Goal of the exercise »
Only the lines from the first line of the data through the line containing "FILE - Russian" belong in the answer, transcribed exactly; pictures do not.
-- Data shown follows --
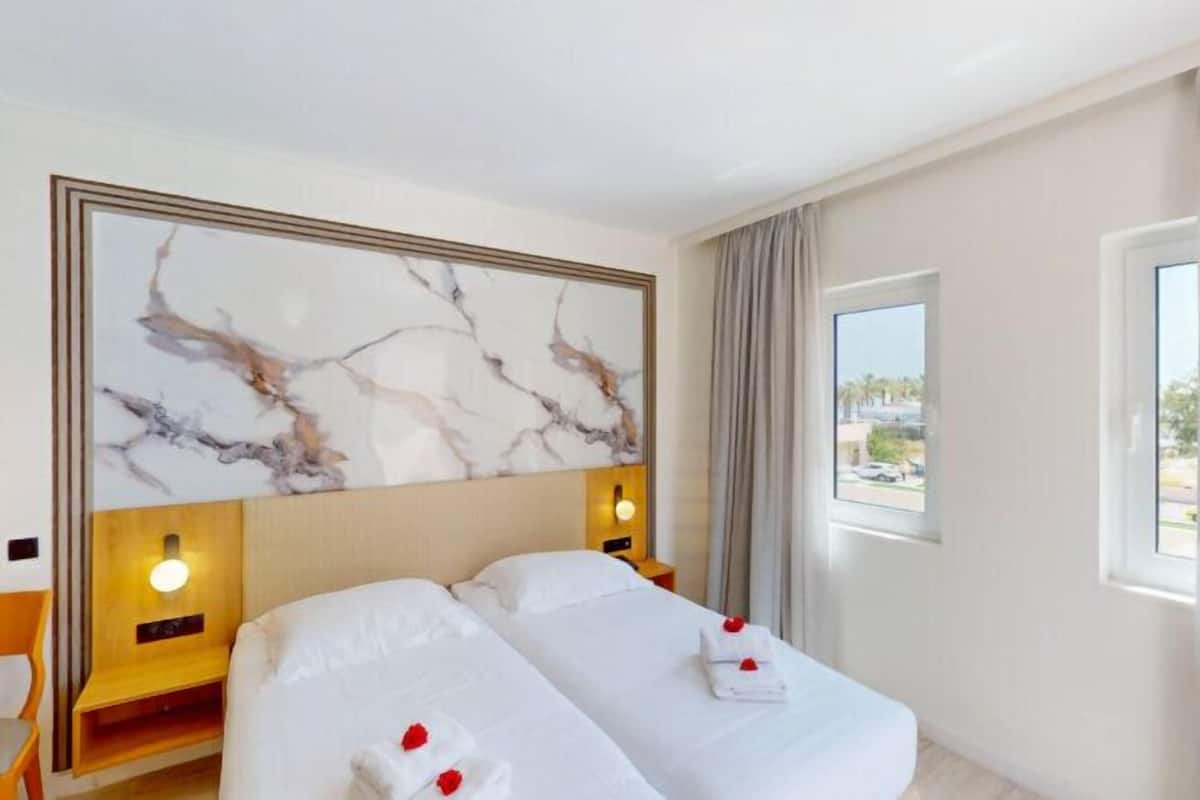 A hotel room with two beds, a marble headboard, bedside lamps, a window with a view, and a wooden chair.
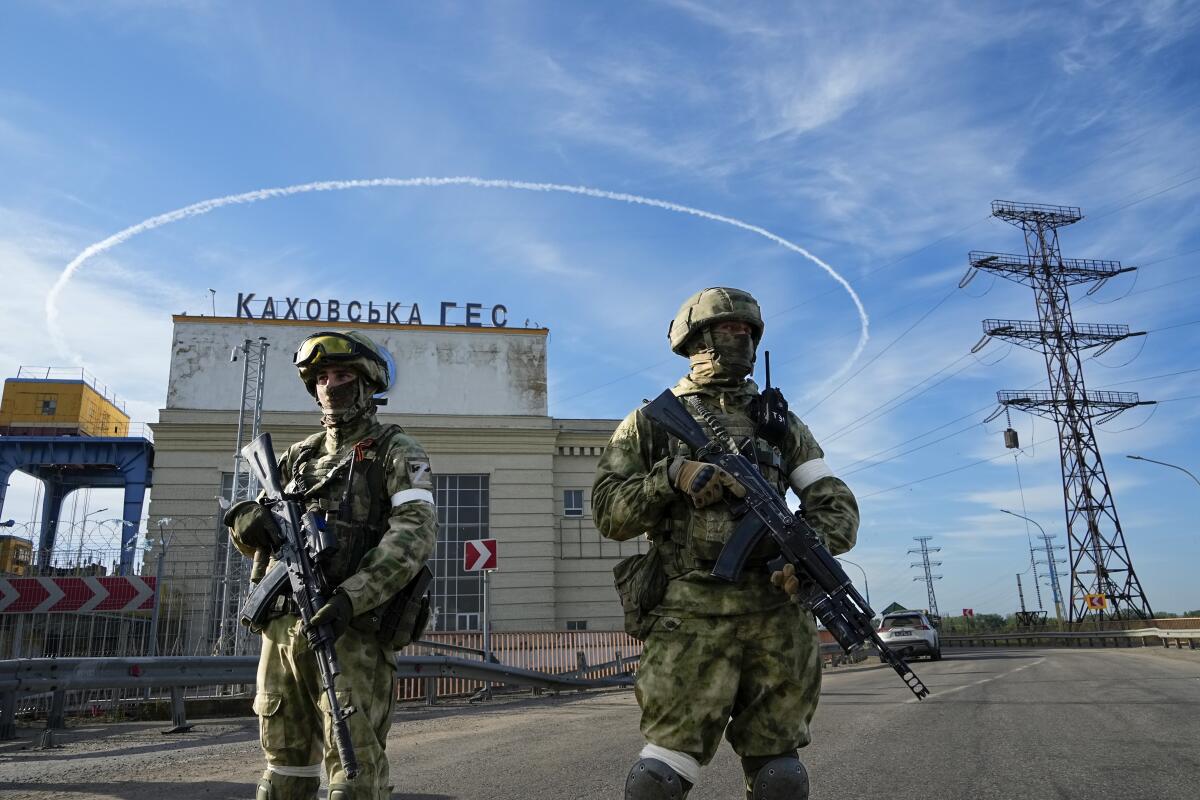 FILE - Russian troops guard an entrance of the Kakhovka Hydroelectric Station, a run-of-the-river power plant on the Dnieper River in Kherson region, southern Ukraine, May 20, 2022. The Kherson region has been under control of the Russian forces since the early days of the Russian military action in Ukraine. Russia and Ukraine have trade blame over shelling of the Zaporizhzhia nuclear power plant, Europe's largest.This photo was taken during a trip organized by the Russian Ministry of Defense. (AP Photo, File)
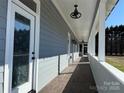 Inviting covered front porch with wood-look tile flooring and stylish ceiling fans offers outdoor relaxation at 135 Waycross Dr, Rockwell, NC 28138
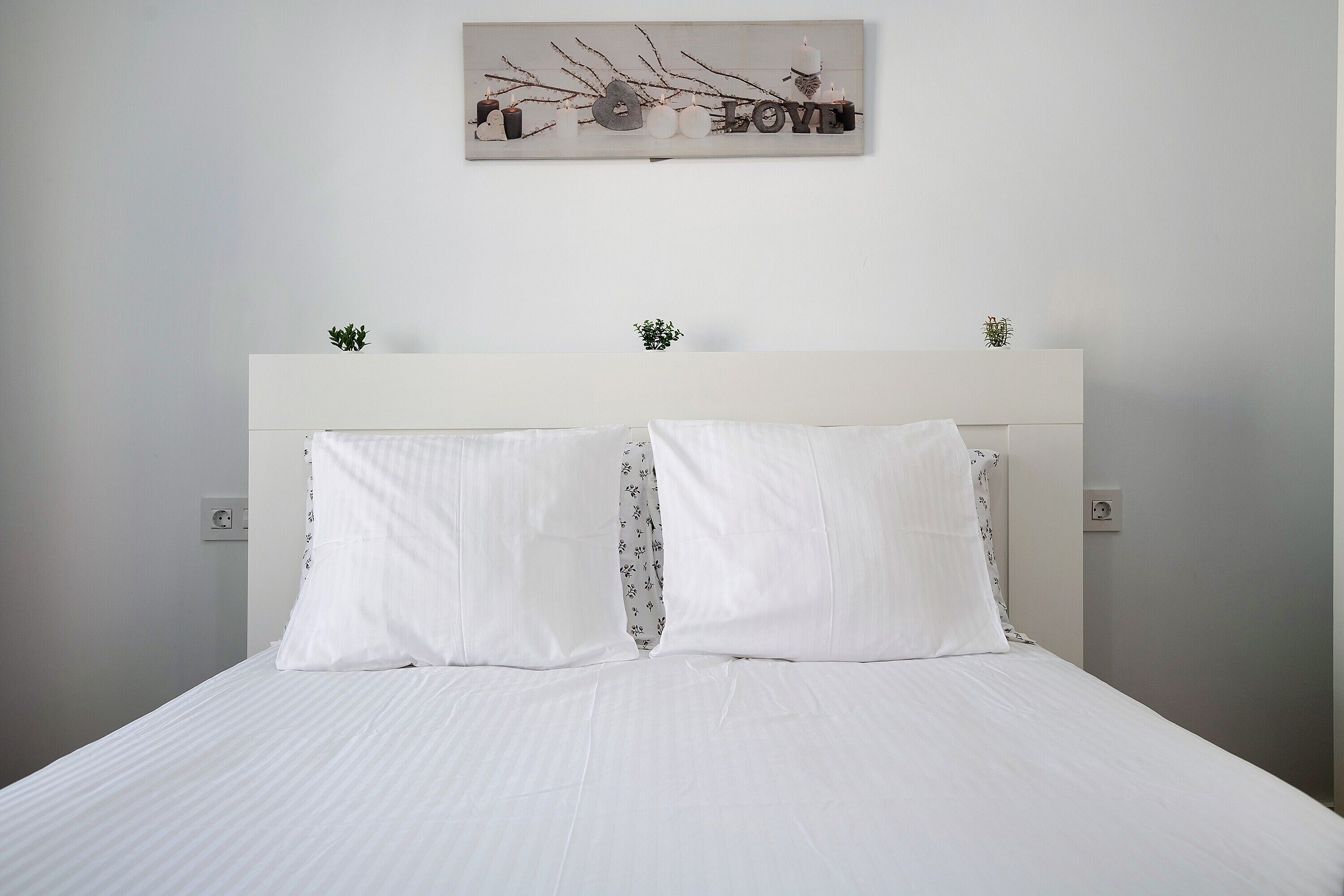 A neatly made bed with white linens and two pillows, a white headboard, and a wall-mounted decoration above.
-- Data shown concluded --
Task output »
 A hotel room with two beds, a marble headboard, bedside lamps, a window with a view, and a wooden chair.
 FILE - Russian troops guard an entrance of the Kakhovka Hydroelectric Station, a run-of-the-river power plant on the Dnieper River in Kherson region, southern Ukraine, May 20, 2022. The Kherson region has been under control of the Russian forces since the early days of the Russian military action in Ukraine. Russia and Ukraine have trade blame over shelling of the Zaporizhzhia nuclear power plant, Europe's largest.This photo was taken during a trip organized by the Russian Ministry of Defense. (AP Photo, File)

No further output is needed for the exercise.